== Segment start ==

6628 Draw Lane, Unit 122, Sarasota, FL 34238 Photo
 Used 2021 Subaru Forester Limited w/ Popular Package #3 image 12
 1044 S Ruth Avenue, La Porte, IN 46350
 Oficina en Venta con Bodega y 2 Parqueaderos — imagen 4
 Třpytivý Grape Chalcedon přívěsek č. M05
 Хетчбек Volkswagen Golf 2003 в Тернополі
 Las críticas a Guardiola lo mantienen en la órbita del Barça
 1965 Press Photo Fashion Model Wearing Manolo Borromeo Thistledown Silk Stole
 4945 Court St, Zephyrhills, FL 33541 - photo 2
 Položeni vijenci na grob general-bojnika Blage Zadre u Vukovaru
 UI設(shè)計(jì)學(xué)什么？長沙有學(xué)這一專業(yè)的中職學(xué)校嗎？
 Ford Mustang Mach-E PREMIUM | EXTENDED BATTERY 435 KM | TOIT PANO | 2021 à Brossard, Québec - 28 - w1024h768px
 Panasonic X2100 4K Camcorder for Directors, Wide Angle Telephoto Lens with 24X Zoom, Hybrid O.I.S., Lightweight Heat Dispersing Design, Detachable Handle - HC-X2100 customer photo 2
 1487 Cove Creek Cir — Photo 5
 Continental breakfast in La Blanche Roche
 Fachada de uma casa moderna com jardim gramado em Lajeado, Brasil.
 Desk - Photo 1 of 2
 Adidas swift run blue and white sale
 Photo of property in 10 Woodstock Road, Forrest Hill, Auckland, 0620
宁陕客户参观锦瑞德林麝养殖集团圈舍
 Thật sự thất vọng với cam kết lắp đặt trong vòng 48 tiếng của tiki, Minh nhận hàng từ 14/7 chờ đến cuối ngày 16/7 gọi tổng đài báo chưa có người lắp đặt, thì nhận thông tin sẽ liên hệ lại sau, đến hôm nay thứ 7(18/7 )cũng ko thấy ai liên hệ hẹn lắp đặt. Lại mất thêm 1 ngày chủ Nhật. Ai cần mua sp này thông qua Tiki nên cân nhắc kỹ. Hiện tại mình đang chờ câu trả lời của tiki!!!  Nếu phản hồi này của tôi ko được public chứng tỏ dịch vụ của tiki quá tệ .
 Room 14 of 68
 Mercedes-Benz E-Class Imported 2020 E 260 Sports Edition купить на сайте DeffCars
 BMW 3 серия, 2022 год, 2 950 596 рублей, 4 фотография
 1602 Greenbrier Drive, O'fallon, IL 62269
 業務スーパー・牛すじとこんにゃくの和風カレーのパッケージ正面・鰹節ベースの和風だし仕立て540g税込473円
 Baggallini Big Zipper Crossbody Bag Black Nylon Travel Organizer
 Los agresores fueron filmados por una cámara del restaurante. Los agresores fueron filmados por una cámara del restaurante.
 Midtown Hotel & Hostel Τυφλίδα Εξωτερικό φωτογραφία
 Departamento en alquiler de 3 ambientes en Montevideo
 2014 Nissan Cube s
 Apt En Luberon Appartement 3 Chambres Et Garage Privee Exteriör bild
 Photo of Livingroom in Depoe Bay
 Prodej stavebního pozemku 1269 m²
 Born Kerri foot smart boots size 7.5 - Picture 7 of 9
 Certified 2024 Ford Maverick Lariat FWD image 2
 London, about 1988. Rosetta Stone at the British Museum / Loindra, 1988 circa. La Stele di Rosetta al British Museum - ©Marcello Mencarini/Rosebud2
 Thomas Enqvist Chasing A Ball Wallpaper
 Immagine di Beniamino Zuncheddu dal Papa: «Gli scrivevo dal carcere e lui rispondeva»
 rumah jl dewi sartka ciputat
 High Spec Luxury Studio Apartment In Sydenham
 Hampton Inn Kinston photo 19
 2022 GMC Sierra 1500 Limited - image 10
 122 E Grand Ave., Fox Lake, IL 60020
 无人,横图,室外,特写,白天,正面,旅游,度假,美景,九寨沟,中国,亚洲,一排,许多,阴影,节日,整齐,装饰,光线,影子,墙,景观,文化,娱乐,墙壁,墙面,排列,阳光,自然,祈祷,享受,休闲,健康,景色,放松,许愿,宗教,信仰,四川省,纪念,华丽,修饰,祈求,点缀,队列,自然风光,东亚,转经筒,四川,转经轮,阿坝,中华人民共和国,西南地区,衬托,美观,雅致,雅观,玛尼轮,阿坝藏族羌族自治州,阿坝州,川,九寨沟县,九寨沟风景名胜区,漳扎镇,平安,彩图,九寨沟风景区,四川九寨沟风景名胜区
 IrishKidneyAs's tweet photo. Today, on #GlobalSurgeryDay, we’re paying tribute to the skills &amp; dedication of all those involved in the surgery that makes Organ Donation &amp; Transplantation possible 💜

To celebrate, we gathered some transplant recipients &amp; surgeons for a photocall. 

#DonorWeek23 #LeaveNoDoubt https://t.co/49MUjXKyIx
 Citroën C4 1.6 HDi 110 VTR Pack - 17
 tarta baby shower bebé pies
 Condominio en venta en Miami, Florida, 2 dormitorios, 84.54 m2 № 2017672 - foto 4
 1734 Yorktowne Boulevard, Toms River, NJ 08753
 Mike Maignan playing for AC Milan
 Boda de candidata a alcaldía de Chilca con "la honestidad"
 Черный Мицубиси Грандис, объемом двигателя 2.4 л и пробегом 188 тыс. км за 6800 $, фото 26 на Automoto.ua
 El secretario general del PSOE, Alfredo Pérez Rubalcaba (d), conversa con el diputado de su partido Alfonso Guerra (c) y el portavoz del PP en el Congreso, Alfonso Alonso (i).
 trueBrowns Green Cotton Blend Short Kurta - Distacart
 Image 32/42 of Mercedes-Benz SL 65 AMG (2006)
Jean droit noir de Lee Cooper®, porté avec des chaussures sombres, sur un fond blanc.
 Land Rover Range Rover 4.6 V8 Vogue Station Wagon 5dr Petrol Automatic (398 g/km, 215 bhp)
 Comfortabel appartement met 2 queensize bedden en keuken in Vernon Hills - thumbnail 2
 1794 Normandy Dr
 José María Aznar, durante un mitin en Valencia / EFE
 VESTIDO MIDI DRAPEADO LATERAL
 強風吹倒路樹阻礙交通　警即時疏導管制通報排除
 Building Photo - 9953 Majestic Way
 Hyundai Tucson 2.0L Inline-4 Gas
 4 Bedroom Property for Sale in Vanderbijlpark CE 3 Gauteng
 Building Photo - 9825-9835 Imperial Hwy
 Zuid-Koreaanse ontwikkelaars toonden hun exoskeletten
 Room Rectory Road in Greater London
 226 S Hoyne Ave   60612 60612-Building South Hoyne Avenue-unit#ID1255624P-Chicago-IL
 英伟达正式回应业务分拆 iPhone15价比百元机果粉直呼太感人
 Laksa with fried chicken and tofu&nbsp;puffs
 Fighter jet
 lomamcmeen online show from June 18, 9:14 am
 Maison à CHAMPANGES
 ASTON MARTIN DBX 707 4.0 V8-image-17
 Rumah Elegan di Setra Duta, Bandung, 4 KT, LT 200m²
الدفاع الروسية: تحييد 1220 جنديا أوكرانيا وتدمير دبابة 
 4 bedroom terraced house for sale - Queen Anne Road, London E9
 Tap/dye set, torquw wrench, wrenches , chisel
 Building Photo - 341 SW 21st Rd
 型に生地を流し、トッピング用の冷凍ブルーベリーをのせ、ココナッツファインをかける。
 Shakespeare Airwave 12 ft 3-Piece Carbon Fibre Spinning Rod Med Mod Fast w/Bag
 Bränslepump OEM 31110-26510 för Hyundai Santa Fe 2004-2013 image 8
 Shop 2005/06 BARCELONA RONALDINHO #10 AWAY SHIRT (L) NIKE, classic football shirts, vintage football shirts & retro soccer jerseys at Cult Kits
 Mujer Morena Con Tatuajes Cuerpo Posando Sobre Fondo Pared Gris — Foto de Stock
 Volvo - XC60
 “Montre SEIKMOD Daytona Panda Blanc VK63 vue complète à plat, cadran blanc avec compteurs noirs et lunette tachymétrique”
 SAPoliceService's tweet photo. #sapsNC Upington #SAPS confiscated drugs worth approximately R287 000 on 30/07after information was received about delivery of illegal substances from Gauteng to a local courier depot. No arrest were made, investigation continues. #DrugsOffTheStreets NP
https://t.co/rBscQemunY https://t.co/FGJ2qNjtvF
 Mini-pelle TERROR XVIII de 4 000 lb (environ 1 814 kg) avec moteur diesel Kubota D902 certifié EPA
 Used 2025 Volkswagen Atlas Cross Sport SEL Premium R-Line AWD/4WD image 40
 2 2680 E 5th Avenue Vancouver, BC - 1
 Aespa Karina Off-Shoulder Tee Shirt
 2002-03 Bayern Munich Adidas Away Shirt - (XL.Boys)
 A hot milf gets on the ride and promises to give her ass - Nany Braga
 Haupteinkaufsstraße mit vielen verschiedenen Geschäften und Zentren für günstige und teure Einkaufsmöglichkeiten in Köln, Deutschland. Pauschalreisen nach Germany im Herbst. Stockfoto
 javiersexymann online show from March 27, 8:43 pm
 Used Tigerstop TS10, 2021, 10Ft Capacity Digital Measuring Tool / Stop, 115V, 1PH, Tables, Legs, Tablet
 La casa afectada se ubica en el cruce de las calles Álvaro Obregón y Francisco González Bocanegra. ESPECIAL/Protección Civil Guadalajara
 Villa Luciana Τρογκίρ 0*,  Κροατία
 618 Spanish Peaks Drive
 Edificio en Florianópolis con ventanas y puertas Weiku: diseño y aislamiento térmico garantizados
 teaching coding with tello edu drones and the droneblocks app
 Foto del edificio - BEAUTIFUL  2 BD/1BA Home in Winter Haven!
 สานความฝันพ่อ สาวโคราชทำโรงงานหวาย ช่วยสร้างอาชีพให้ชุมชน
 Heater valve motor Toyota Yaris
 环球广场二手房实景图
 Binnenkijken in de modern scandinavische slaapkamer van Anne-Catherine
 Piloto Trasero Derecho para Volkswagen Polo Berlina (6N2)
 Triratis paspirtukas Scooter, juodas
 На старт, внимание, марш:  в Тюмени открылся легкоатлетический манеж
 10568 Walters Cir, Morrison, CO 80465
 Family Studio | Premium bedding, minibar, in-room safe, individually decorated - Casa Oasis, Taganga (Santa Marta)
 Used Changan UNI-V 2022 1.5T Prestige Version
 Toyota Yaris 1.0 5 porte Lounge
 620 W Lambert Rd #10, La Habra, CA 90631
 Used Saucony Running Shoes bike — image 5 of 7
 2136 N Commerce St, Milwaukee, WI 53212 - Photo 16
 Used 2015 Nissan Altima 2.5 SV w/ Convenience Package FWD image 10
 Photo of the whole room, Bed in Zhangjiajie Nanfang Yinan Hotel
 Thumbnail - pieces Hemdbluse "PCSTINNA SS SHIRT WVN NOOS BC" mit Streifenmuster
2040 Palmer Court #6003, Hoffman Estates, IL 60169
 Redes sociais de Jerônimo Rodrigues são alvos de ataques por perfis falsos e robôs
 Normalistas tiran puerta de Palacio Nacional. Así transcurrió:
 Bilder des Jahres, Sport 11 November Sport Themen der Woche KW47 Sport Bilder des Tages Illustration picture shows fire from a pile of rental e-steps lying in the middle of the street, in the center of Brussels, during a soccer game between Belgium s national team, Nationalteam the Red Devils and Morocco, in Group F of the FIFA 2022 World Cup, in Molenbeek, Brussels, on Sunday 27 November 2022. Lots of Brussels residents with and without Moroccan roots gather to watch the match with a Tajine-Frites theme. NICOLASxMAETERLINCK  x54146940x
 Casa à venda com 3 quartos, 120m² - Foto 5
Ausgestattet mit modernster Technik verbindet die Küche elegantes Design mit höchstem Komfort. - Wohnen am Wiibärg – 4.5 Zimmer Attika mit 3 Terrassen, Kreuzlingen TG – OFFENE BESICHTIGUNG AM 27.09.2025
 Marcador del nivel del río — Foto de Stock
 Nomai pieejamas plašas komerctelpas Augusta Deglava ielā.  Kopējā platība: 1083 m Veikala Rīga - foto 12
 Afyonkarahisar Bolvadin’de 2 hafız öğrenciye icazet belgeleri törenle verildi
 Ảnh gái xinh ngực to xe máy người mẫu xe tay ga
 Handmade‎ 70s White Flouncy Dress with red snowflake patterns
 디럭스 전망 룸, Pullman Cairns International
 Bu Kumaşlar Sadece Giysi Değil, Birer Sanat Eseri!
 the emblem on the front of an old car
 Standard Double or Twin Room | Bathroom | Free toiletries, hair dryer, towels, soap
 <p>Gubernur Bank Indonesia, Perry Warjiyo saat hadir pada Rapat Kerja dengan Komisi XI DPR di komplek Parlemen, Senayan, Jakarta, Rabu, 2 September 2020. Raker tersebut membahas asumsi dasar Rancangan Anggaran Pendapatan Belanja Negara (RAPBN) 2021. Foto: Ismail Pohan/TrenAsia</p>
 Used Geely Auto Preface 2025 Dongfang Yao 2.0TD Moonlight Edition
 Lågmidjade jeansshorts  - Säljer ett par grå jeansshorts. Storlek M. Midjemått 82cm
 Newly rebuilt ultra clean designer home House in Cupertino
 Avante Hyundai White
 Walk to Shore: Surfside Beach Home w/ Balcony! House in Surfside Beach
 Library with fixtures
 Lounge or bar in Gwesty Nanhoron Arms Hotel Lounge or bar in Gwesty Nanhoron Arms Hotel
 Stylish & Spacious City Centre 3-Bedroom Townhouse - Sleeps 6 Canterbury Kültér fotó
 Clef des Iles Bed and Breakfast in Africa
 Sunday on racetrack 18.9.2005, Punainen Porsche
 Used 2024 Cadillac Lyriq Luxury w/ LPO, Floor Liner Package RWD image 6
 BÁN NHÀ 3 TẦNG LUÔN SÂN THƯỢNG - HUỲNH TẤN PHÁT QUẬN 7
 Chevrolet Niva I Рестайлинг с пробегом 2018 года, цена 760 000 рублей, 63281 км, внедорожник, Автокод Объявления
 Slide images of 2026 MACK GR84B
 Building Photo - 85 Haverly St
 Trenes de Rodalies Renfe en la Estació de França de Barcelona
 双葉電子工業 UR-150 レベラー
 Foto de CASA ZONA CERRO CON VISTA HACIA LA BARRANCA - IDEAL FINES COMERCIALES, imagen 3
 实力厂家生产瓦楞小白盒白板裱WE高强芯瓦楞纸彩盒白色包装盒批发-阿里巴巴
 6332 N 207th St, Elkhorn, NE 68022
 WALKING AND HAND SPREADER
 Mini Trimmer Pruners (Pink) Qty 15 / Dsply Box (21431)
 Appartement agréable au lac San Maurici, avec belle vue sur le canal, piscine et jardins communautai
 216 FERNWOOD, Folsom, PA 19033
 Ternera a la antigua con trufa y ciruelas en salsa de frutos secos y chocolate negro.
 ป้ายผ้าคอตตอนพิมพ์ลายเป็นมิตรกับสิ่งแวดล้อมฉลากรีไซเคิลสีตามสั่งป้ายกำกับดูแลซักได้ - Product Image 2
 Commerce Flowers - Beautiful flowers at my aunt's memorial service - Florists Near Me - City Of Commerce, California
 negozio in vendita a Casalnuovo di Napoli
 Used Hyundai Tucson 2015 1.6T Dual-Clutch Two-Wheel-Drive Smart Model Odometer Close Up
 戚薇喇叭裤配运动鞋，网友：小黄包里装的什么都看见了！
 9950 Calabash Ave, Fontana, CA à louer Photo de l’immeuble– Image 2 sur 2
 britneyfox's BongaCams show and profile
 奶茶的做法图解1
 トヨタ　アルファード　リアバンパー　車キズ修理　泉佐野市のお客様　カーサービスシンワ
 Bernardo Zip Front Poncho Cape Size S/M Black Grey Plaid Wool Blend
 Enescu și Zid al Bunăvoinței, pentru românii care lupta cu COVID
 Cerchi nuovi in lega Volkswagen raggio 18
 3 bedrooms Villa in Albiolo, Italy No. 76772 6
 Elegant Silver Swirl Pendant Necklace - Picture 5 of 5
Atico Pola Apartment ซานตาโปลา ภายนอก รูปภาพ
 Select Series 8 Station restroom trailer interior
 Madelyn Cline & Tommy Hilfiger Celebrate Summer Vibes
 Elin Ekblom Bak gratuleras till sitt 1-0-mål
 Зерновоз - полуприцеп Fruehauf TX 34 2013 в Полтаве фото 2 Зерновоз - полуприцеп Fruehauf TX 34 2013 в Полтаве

== Segment end ==

▶ _Work instructions_: Above are the lines; repeat exactly the ones from the line containing "1794 Normandy Dr" down to the line containing "ASTON MARTIN DBX 707 4.0 V8-image-17", both inclusive.

▶ _Expected answer_:
 1794 Normandy Dr
 José María Aznar, durante un mitin en Valencia / EFE
 VESTIDO MIDI DRAPEADO LATERAL
 強風吹倒路樹阻礙交通　警即時疏導管制通報排除
 Building Photo - 9953 Majestic Way
 Hyundai Tucson 2.0L Inline-4 Gas
 4 Bedroom Property for Sale in Vanderbijlpark CE 3 Gauteng
 Building Photo - 9825-9835 Imperial Hwy
 Zuid-Koreaanse ontwikkelaars toonden hun exoskeletten
 Room Rectory Road in Greater London
 226 S Hoyne Ave   60612 60612-Building South Hoyne Avenue-unit#ID1255624P-Chicago-IL
 英伟达正式回应业务分拆 iPhone15价比百元机果粉直呼太感人
 Laksa with fried chicken and tofu&nbsp;puffs
 Fighter jet
 lomamcmeen online show from June 18, 9:14 am
 Maison à CHAMPANGES
 ASTON MARTIN DBX 707 4.0 V8-image-17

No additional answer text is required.